Kaunas (Litauen), Fort IX
In Litauen wurden unter deutscher Besatzung mindestens 136.421 jüdische Menschen ermordet. An diesen Verbrechen beteiligten sich neben den deutschen Einheiten auch litauische Kollaborateure. Bei den Mordaktionen kam der zweitgrößten und ehemaligen Hauptstadt Litauens besondere Bedeutung zu. Die Festungsstadt Kaunas (russ. Kowno / dt. Kauen) hatte vor Kriegsbeginn eine blühende jüdische Gemeinde. Ab 1941 wurde Kaunas für viele litauische, deutsche und europäische Jüdinnen und Juden zum Ort ihres gewaltsamen Todes. Die unter deutschem Befehl stehenden Mordkommandos machten sich dabei die ehemaligen Verteidigungsanlagen der Stadt zunutze. Diese befestigten Forts rund um die Stadt wurden zu Gefängnissen und Hinrichtungsstätten umfunktioniert. Allein 1944 wurden dort mehr als 50.000 Menschen ermordet.
Der erste Transport aus München am 20. November 1941 war ursprünglich für das Ghetto Riga vorgesehen worden. Da dieses aber bereits überfüllt war, wurde der Transport kurzfristig nach Kaunas umgeleitet. In den frühen Morgenstunden des 20. November 1941 verließ der Zug den Güterbahnhof Milbertshofen. Zuvor waren schon seit Tagen die zur Deportation bestimmten Menschen in das nahegelegene Barackenlager für Juden in der Knorrstraße 148 verschleppt worden, das von nun an als Sammellager für die Deportationen diente. Die Betroffenen durften 50 kg Gepäck mitnehmen und mussten 50 Reichsmark für die „Reisekosten“ entrichten. Als Zweck der „Reise“ wurde den Menschen die Verschickung zum Arbeitseinsatz an einen noch unbekannten Ort im Osten vorgegaukelt. Der Transport erreichte am 22. November seinen 1.300 km entfernten Bestimmungsort Kaunas. Die Hinrichtung erfolgte in Fort IX, sechs km nordwestlich der Stadt, zwei Tage nach der Ankunft am 25. November 1941. Die Befehle für die Massenmorde in Kaunas gab der Chef des Einsatzkommandos 3 der Einsatzgruppe A, SS- Standartenführer Karl Jäger. Durch Jägers gefühlskalten, bürokratisch exakten Bericht, der nüchtern Zahl und Herkunft der durch sein Kommando ermordeten Menschen aufzählt, ist bekannt, dass niemand aus München diesen Transport überlebt hat. Jüdische Männer aus dem Ghetto Kaunas mussten 1943 die Exhumierung der Getöteten vornehmen und die sterblichen Überreste verbrennen, um die Spuren des Massenmords zu beseitigen.

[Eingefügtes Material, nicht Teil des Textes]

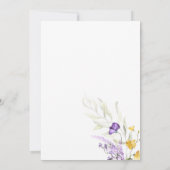 Elegante Lavendel Waterverf Floral Formal Bruiloft Kaart (Achterkant)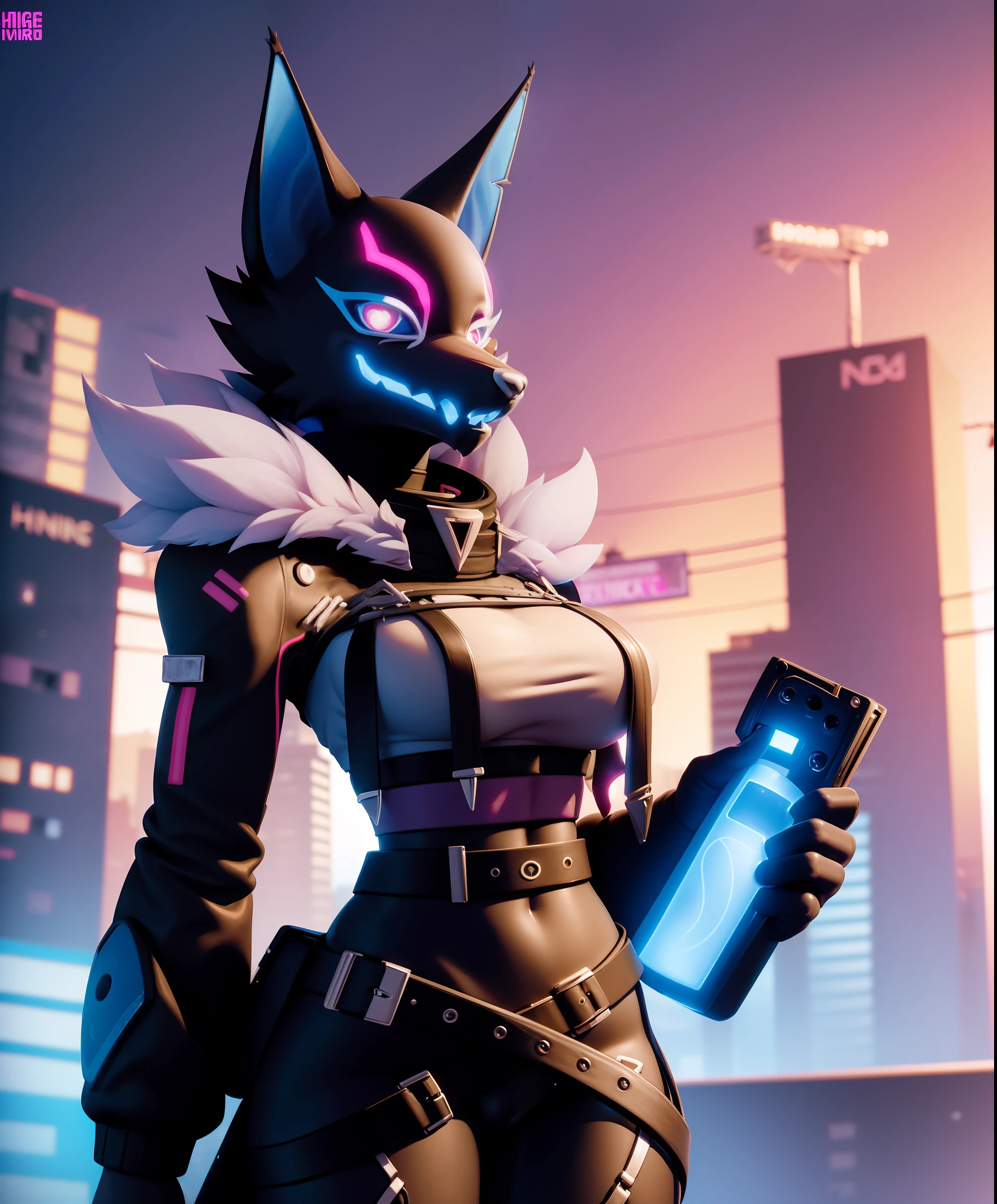 highwire, furry female anthro, wolf girl, standing, portrait, tranquil, solo, (body fur:1.2), (best quality), (cyberpunk city background:1.2), medium breasts, dramatic lighting, detailed fluffy fur, looking at viewer, detailed fluffy fur, crop top,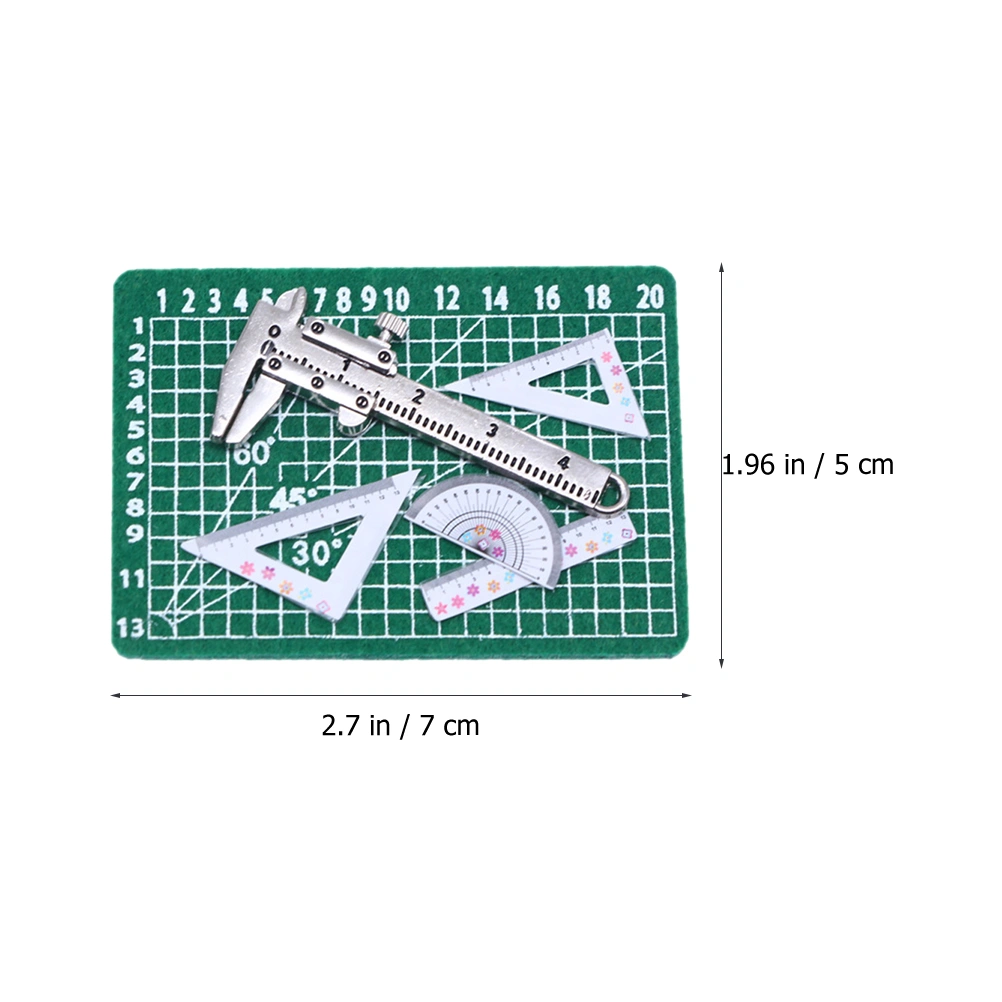 1 set of Miniature Ruler Model Tiny Ruler and Mat Mini School Toy Mini House Accessory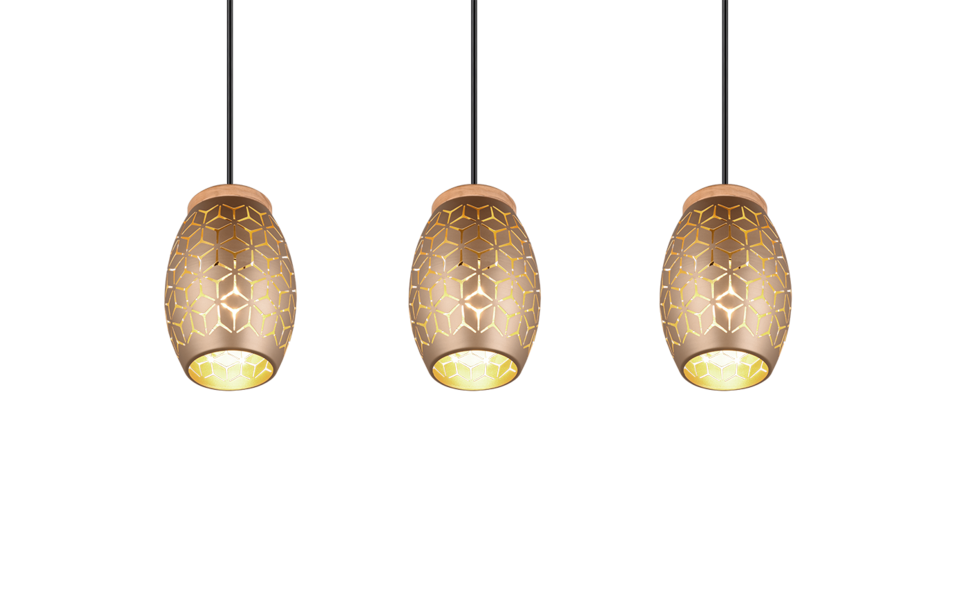 Trio Lighting Trio BIDAR hanglamp | E27 Fitting | koffie | Ø 15 cm | IP20 | excl. 3x E27 | max. 28W Trio Lighting Trio BIDAR hanglamp | E27 Fitting | koffie | Ø 15 cm | IP20 | excl. 3x E27 | max. 28W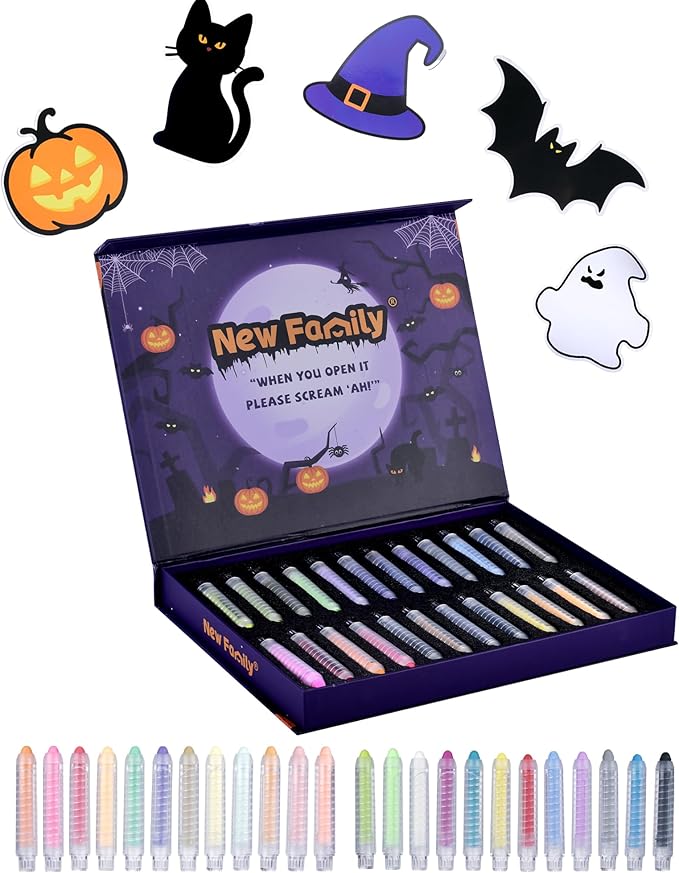 NewFamily Fantasy Colors Dustless Chalk Set, 24 Colors Non-Toxic Washable Chalk for Kids with Magnetic Drawing Boards,Art Toys Kit - Sparks Creativity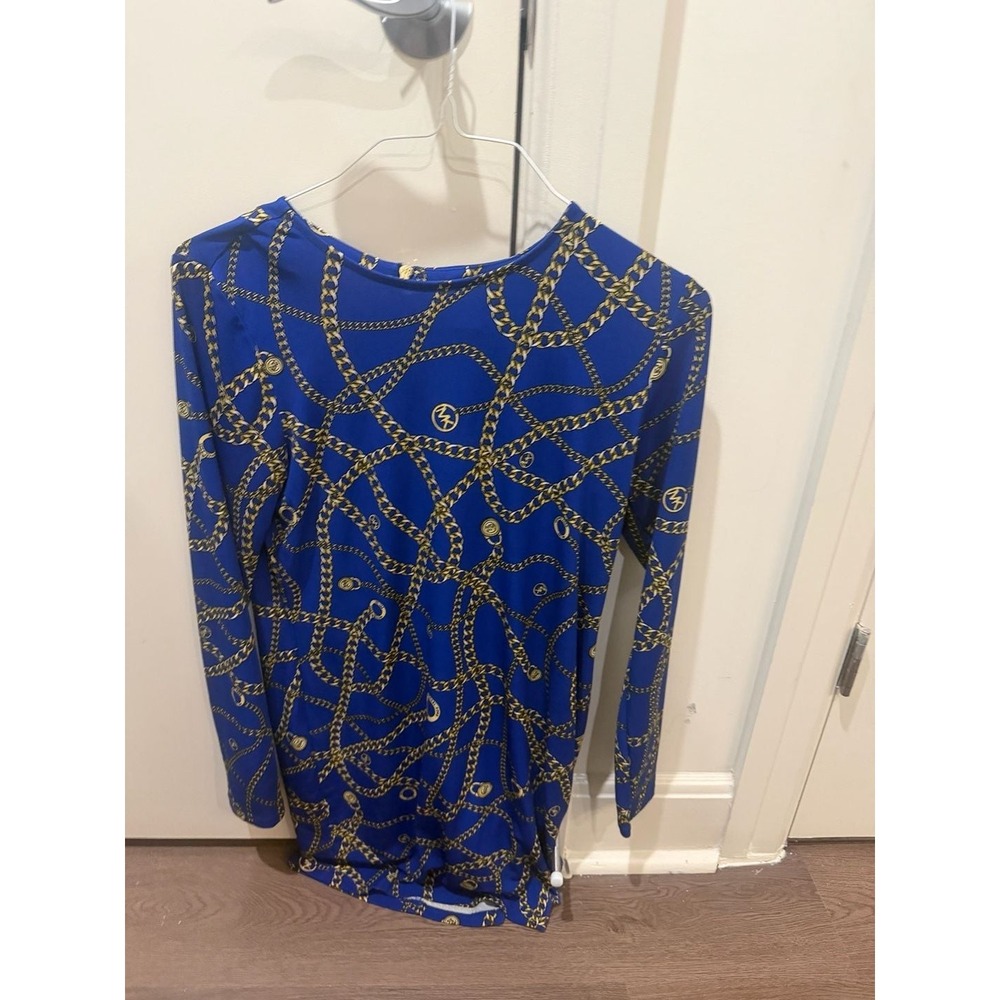 Michael Michael Kors Blue Gold Chain Link Logo Mini Dress Long Sleeve Medium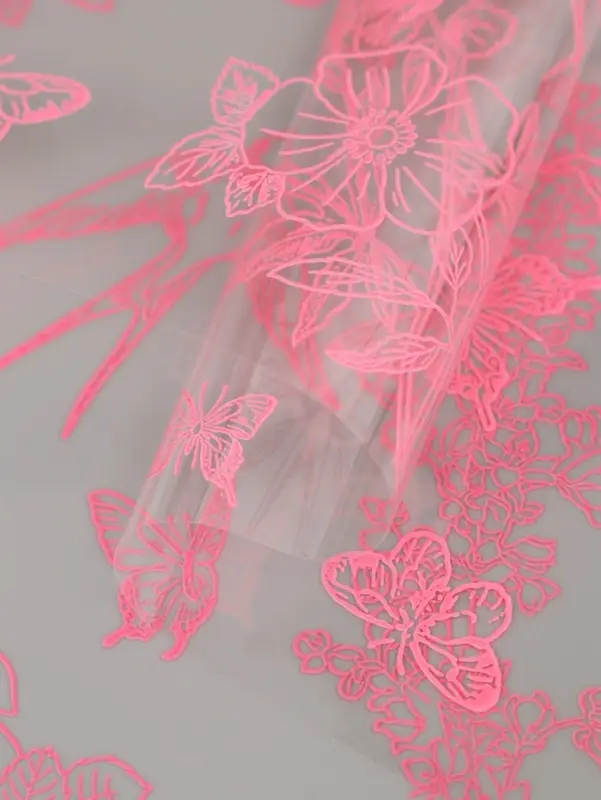 Плёнка для цветов &laquo;Ласточки&raquo;, прозрачный/розовый туманный, 0.6&times;9.3&plusmn;5% м, 40 мкм, 200 г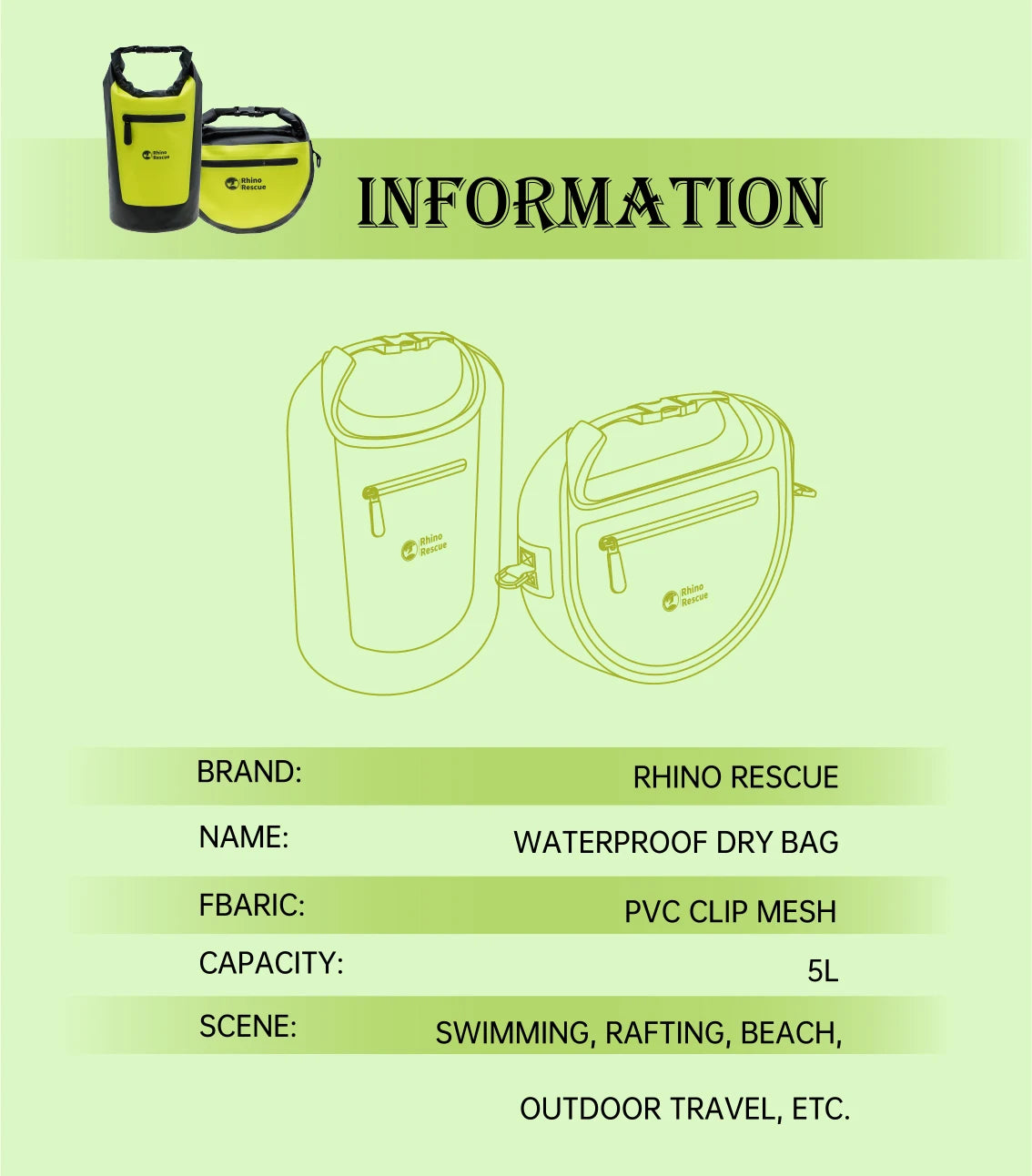Rhino Rescue Waterproof Dry Bag 5L - Roll Top Waterproof Backpack Sack Keeps Gear Dry for Kayak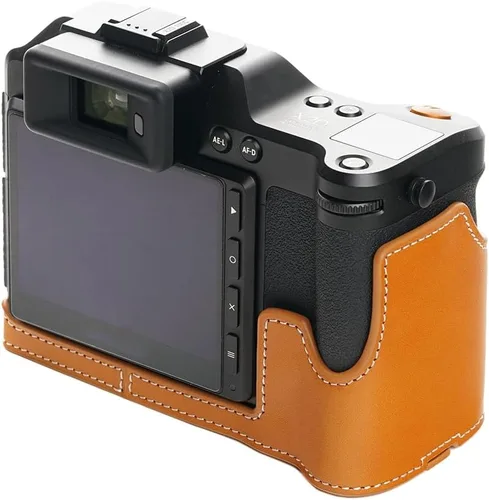 Vista 5 de Hecho a mano cuero auténtico medio cámara caso bolsa cubierta para Hasselblad X2D 100C color marrón arena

Gegen Jäger, der nach dem Krieg jahrelang unbehelligt unter seinem eigenen Namen in Deutschland lebte, wurde erst 1959 ein Verfahren eingeleitet. Er nahm sich wenig später in der Untersuchungshaft das Leben. Heute erinnert im ehemaligen Fort IX eine von der Münchner Künstlerin Beate Passow entworfene Gedenktafel an das Schicksal der dort ermordeten Münchner Juden.